#### Provided material

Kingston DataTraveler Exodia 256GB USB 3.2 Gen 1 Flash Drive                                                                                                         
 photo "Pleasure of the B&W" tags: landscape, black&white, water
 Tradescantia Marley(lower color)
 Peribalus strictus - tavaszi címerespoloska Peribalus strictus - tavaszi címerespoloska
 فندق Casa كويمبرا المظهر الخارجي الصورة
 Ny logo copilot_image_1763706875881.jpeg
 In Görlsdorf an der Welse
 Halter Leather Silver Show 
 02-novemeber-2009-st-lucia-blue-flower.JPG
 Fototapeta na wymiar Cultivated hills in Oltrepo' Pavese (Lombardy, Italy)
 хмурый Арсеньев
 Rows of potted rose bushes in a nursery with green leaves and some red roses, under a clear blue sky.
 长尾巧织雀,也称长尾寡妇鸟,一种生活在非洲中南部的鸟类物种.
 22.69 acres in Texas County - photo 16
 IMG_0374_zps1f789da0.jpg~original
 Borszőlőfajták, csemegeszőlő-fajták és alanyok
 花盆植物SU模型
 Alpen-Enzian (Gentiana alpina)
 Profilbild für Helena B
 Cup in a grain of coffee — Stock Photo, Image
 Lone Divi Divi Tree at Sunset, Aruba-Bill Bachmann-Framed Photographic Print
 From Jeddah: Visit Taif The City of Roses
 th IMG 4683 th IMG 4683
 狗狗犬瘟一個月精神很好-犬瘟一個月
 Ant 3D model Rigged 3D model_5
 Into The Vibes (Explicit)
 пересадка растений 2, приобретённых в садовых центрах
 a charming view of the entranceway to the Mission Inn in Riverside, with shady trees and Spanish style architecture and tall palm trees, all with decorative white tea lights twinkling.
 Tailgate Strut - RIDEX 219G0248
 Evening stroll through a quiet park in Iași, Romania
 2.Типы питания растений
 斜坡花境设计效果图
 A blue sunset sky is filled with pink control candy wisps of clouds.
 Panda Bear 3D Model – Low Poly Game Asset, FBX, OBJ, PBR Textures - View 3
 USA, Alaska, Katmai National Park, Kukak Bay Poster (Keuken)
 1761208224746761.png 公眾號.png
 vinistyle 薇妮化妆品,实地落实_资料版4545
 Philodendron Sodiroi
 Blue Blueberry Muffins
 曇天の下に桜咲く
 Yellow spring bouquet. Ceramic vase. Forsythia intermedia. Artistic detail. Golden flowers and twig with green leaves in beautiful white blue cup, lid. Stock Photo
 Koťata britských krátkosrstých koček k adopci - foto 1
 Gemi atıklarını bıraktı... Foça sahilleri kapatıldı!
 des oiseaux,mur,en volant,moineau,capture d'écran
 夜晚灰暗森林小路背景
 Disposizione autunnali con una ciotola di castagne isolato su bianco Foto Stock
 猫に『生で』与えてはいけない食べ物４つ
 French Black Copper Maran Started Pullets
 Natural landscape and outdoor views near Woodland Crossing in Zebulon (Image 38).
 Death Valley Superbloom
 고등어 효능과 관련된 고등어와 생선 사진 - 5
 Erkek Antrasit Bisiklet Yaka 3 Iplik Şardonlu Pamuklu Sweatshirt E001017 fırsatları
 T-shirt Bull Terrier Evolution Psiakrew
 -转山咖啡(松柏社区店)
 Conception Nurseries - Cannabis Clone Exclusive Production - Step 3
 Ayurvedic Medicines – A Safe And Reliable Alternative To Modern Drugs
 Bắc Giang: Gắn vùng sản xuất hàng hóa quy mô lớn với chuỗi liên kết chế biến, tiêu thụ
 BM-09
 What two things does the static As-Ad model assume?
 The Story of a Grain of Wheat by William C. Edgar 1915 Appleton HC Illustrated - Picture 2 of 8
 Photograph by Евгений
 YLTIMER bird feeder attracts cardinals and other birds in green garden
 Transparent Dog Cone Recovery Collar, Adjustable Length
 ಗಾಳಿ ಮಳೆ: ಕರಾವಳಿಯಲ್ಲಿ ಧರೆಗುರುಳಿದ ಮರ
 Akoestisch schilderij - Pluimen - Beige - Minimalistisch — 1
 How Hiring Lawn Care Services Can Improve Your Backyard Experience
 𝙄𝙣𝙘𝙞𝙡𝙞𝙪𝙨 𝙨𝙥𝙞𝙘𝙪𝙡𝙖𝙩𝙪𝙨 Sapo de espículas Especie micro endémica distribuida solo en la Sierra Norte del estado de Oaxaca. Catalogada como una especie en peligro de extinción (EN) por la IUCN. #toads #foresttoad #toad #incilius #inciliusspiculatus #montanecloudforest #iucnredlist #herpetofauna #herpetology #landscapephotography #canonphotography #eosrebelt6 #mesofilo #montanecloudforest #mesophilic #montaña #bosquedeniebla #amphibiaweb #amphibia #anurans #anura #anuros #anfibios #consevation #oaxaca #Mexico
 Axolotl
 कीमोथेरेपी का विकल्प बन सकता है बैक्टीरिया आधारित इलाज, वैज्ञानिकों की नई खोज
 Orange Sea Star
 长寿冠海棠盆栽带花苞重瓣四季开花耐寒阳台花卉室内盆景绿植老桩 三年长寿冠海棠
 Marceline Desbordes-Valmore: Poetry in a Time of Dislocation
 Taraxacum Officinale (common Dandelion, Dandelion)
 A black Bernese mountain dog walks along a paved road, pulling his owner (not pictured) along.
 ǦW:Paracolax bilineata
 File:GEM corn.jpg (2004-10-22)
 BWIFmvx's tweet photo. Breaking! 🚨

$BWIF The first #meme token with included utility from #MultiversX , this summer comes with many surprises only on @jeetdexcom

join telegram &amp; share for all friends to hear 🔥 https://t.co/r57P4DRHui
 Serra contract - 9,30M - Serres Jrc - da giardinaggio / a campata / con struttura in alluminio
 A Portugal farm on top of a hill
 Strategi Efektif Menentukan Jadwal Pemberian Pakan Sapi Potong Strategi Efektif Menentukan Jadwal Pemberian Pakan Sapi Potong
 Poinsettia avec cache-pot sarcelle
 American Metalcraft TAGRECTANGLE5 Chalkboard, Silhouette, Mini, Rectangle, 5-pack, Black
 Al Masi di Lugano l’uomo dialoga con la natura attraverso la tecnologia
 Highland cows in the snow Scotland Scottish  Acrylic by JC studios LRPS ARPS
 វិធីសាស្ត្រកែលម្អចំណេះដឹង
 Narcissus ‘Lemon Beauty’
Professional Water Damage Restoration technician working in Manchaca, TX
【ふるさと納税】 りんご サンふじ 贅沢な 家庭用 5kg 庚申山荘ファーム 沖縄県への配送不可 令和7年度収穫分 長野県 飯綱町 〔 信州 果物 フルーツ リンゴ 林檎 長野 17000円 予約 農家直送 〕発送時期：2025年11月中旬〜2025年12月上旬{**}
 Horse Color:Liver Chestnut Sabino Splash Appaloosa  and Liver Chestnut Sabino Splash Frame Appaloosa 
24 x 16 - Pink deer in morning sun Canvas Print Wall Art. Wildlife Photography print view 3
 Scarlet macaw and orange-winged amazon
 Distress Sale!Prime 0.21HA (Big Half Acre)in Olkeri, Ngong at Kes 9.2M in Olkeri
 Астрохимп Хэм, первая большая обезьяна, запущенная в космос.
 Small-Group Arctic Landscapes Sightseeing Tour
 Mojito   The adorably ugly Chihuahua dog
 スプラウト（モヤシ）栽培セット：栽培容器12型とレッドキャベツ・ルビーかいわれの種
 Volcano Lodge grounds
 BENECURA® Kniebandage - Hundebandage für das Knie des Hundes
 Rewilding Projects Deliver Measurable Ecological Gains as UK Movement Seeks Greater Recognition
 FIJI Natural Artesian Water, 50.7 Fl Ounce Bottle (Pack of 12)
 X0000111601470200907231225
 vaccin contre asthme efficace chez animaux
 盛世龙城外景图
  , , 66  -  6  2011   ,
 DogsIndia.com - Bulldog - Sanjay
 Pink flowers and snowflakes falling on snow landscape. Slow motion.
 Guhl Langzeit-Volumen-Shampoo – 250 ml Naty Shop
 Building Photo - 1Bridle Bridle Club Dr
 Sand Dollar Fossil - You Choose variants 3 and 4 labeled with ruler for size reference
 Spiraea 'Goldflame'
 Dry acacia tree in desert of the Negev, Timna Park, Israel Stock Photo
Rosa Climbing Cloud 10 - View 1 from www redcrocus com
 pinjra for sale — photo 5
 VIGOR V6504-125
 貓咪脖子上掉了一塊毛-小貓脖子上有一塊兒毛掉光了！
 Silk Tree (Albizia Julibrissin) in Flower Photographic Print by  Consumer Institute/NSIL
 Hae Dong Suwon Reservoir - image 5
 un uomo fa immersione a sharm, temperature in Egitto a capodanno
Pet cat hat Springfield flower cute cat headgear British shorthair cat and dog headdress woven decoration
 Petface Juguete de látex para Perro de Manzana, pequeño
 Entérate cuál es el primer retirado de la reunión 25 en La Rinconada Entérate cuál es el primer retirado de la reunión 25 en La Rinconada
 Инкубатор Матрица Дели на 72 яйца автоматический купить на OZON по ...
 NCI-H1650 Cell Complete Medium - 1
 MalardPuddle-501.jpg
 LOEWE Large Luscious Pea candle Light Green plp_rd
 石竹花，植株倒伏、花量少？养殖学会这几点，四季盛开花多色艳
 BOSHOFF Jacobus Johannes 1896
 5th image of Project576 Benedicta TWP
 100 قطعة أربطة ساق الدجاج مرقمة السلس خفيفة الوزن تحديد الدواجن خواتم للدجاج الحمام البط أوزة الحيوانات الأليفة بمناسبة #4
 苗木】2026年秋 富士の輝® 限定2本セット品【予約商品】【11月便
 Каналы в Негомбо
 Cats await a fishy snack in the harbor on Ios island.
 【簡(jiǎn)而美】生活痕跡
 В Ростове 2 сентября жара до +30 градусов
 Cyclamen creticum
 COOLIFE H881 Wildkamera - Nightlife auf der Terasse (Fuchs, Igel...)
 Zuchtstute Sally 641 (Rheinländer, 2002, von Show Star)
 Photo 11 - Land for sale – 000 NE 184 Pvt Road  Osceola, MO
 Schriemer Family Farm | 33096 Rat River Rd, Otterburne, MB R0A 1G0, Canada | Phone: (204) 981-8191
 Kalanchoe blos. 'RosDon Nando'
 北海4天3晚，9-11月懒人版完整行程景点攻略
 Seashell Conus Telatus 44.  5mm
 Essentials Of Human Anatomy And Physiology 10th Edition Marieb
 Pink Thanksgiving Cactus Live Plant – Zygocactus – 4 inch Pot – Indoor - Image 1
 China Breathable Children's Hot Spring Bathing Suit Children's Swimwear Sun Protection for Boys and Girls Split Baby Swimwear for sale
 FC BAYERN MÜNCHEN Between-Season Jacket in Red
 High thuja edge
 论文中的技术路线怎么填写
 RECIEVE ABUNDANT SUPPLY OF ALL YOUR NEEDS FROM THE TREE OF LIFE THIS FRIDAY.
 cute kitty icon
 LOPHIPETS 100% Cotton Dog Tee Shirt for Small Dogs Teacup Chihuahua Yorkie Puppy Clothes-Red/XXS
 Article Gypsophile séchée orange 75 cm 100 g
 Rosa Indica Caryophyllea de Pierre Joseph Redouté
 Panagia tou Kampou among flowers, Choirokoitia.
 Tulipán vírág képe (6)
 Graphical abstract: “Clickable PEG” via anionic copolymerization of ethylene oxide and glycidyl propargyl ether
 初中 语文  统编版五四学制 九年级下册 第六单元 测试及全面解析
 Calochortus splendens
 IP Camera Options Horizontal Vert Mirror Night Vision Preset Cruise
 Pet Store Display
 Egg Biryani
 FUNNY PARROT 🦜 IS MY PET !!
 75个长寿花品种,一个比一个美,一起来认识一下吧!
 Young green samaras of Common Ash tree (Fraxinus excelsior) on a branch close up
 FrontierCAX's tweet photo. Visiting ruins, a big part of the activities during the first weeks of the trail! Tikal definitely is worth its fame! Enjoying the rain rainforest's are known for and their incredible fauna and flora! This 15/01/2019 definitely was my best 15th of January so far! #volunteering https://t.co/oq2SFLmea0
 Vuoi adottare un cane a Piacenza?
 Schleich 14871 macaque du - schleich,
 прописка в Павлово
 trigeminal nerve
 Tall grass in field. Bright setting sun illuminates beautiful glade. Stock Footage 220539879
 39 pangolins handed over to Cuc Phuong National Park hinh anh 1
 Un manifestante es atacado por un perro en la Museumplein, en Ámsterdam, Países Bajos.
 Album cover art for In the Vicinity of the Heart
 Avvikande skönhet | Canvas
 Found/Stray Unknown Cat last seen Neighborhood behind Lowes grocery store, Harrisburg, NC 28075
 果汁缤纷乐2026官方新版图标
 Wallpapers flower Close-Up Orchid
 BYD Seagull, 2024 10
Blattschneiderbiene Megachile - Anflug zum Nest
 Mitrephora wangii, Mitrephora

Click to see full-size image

########

Directions for this task: Please give an exact copy of the lines above, beginning with the line containing "Каналы в Негомбо" and running through the line containing "Article Gypsophile séchée orange 75 cm 100 g", and of no other lines.

Answer area:
 Каналы в Негомбо
 Cats await a fishy snack in the harbor on Ios island.
 【簡(jiǎn)而美】生活痕跡
 В Ростове 2 сентября жара до +30 градусов
 Cyclamen creticum
 COOLIFE H881 Wildkamera - Nightlife auf der Terasse (Fuchs, Igel...)
 Zuchtstute Sally 641 (Rheinländer, 2002, von Show Star)
 Photo 11 - Land for sale – 000 NE 184 Pvt Road  Osceola, MO
 Schriemer Family Farm | 33096 Rat River Rd, Otterburne, MB R0A 1G0, Canada | Phone: (204) 981-8191
 Kalanchoe blos. 'RosDon Nando'
 北海4天3晚，9-11月懒人版完整行程景点攻略
 Seashell Conus Telatus 44.  5mm
 Essentials Of Human Anatomy And Physiology 10th Edition Marieb
 Pink Thanksgiving Cactus Live Plant – Zygocactus – 4 inch Pot – Indoor - Image 1
 China Breathable Children's Hot Spring Bathing Suit Children's Swimwear Sun Protection for Boys and Girls Split Baby Swimwear for sale
 FC BAYERN MÜNCHEN Between-Season Jacket in Red
 High thuja edge
 论文中的技术路线怎么填写
 RECIEVE ABUNDANT SUPPLY OF ALL YOUR NEEDS FROM THE TREE OF LIFE THIS FRIDAY.
 cute kitty icon
 LOPHIPETS 100% Cotton Dog Tee Shirt for Small Dogs Teacup Chihuahua Yorkie Puppy Clothes-Red/XXS
 Article Gypsophile séchée orange 75 cm 100 g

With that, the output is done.